Given data:
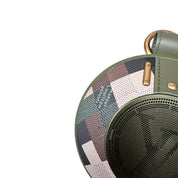 LOUIS VUITTON NANOGRAM SPEAKER DAMOFLAGE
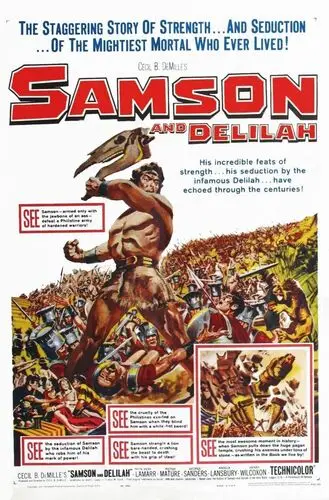 Samson and Delilah (1949) Fridge Magnet picture 471470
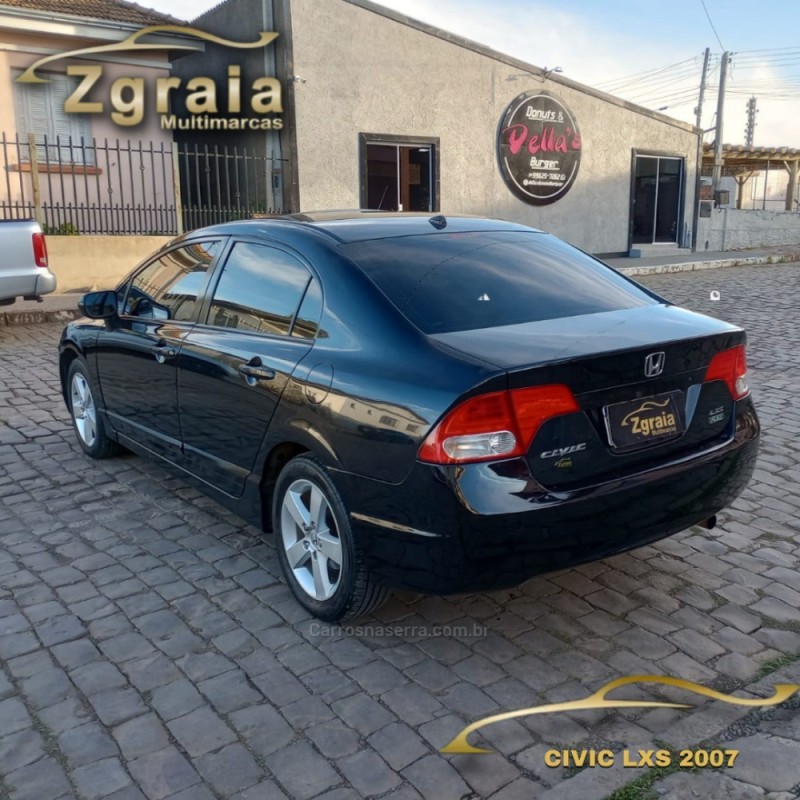CIVIC 1.8 LXL 16V FLEX 4P MANUAL - 2007 - BOM JESUS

Exercise aim: With the pictures removed, set down the entire listing exactly.

Written reply:
 LOUIS VUITTON NANOGRAM SPEAKER DAMOFLAGE
 Samson and Delilah (1949) Fridge Magnet picture 471470
CIVIC 1.8 LXL 16V FLEX 4P MANUAL - 2007 - BOM JESUS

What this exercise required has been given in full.